## Exercise brief
Could the listing below be reproduced exactly, minus its pictures?

━━━ Extracted records

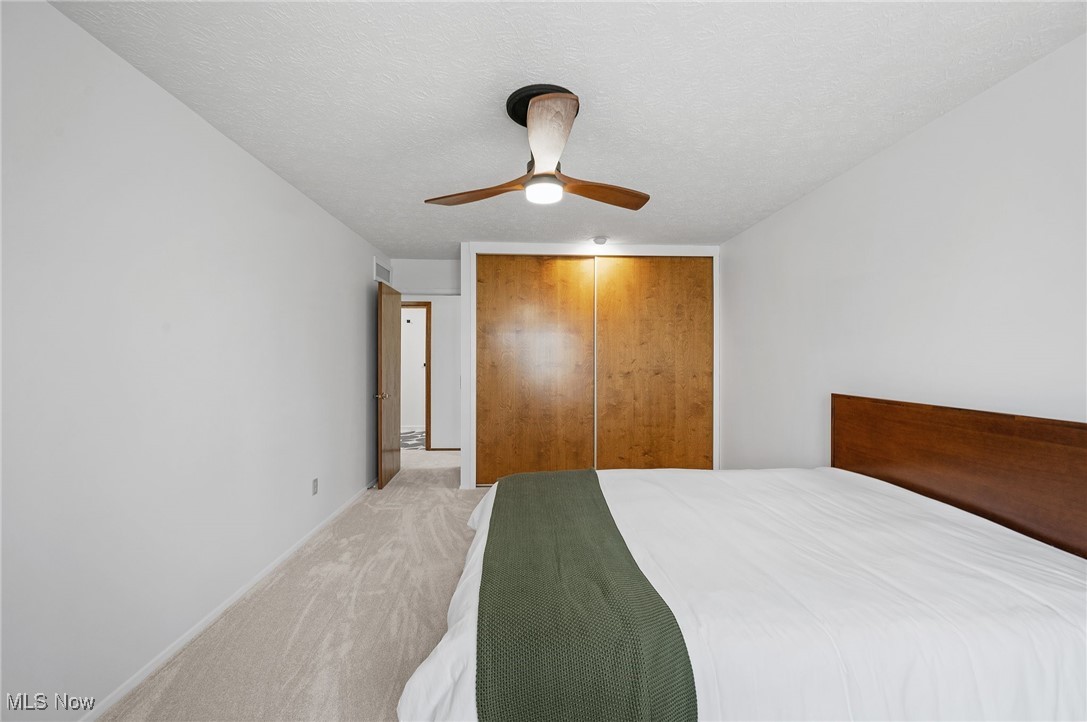 21847 Meadows Edge Lane, Strongsville, Ohio image 24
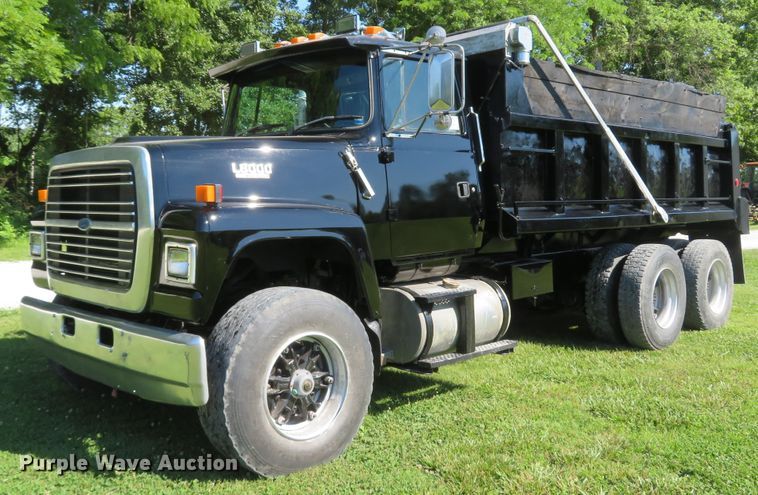image for item DH1032 1991 Ford L8000  dump truck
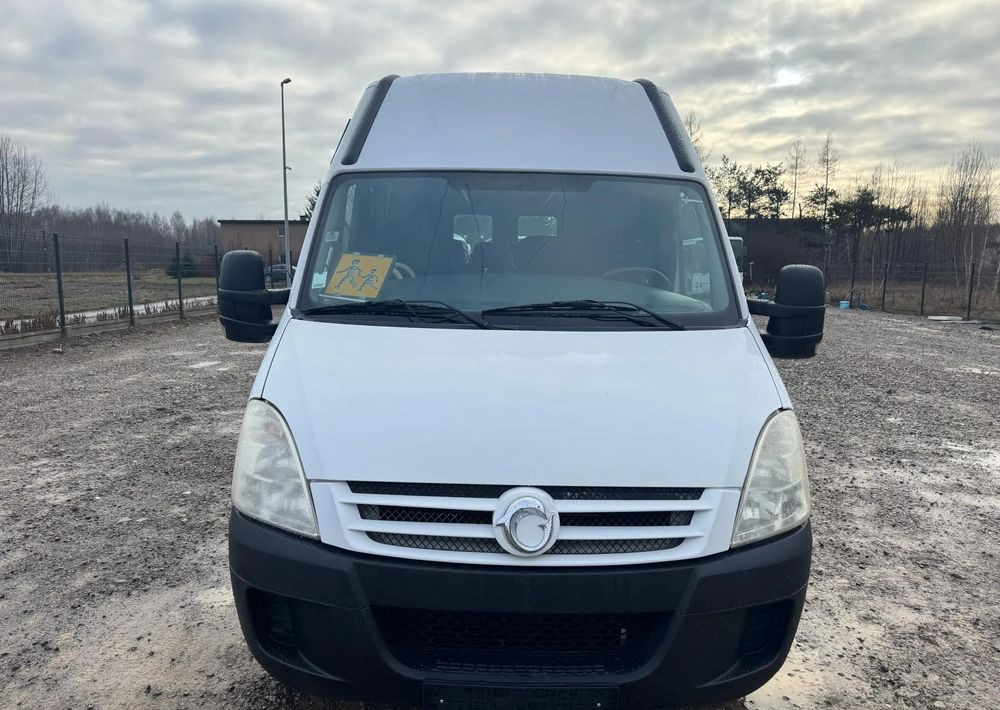 Iveco Daily - حافلة صغيرة, ميكروباص: صورة 2 Iveco Daily - حافلة صغيرة, ميكروباص: صورة 2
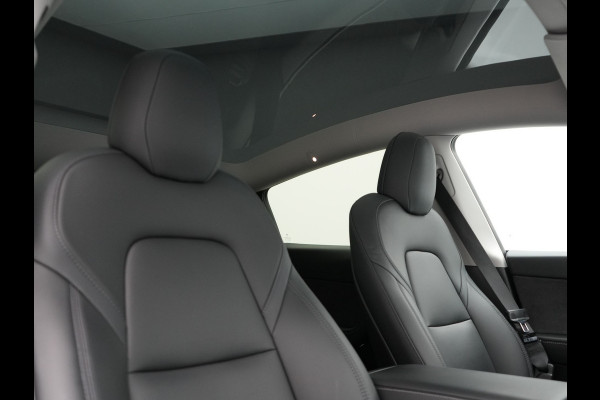 Tesla Model Y Long Range AWD 75 kWh 441pk SOH 92,3% | Full Self-Driving Capability | Panodak | Adaptive Cruise | Lederen Sportstoelen Memory & Verwarmd | Camera | Navigatie |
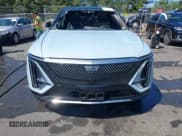 ✅ 2024 Cadillac LYRIQ Luxury • VIN: 1GYKPPRL2RZ142525 • Lot: 42920566. Wystawiony na IAAI z przebiegiem 3 500 mil. Bezpłatny archiwum sprzedaży aukcyjnych z USA i szczegółowy raport historii pojazdu na DreamBid. Zdjęcie 12.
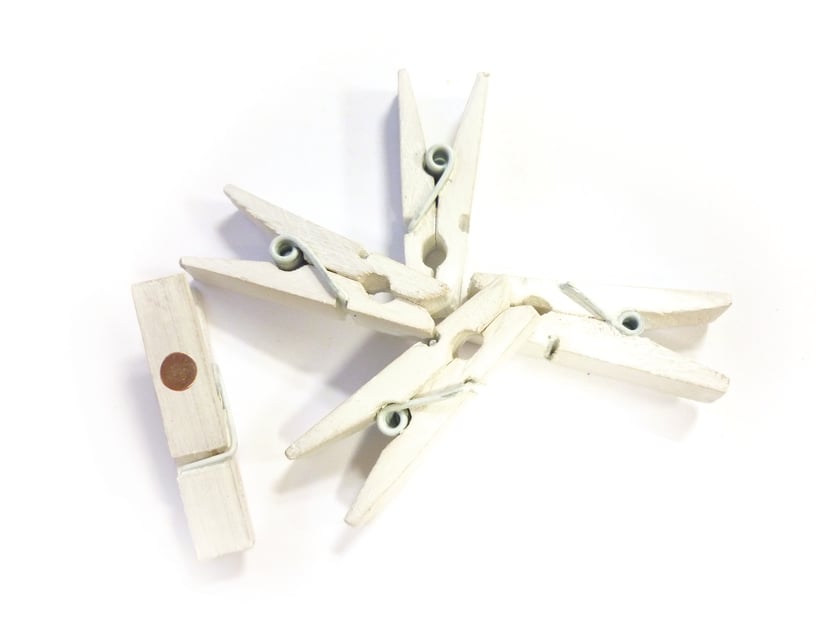 media/pim/8-pinces-bois-magnet-blanc-35-8-pinces-bois-magnet-blanc-35-3532431036657_0.jpg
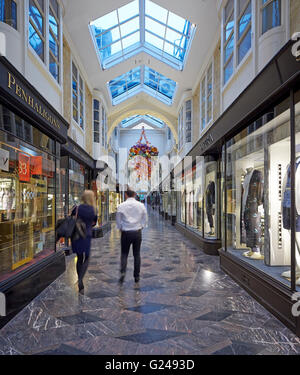 Gesamtansicht im Arcade. Burlington Arcade, London, Vereinigtes Königreich. Architekt: n/a, 1819. Stockfoto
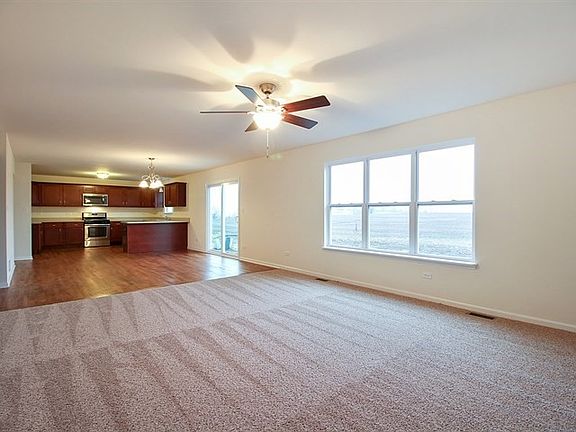 4th image of 1527 Somerset Dr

━━━━━━

## Result
 21847 Meadows Edge Lane, Strongsville, Ohio image 24
image for item DH1032 1991 Ford L8000  dump truck
 Iveco Daily - حافلة صغيرة, ميكروباص: صورة 2 Iveco Daily - حافلة صغيرة, ميكروباص: صورة 2
 Tesla Model Y Long Range AWD 75 kWh 441pk SOH 92,3% | Full Self-Driving Capability | Panodak | Adaptive Cruise | Lederen Sportstoelen Memory & Verwarmd | Camera | Navigatie |
 ✅ 2024 Cadillac LYRIQ Luxury • VIN: 1GYKPPRL2RZ142525 • Lot: 42920566. Wystawiony na IAAI z przebiegiem 3 500 mil. Bezpłatny archiwum sprzedaży aukcyjnych z USA i szczegółowy raport historii pojazdu na DreamBid. Zdjęcie 12.
 media/pim/8-pinces-bois-magnet-blanc-35-8-pinces-bois-magnet-blanc-35-3532431036657_0.jpg
 Gesamtansicht im Arcade. Burlington Arcade, London, Vereinigtes Königreich. Architekt: n/a, 1819. Stockfoto
 4th image of 1527 Somerset Dr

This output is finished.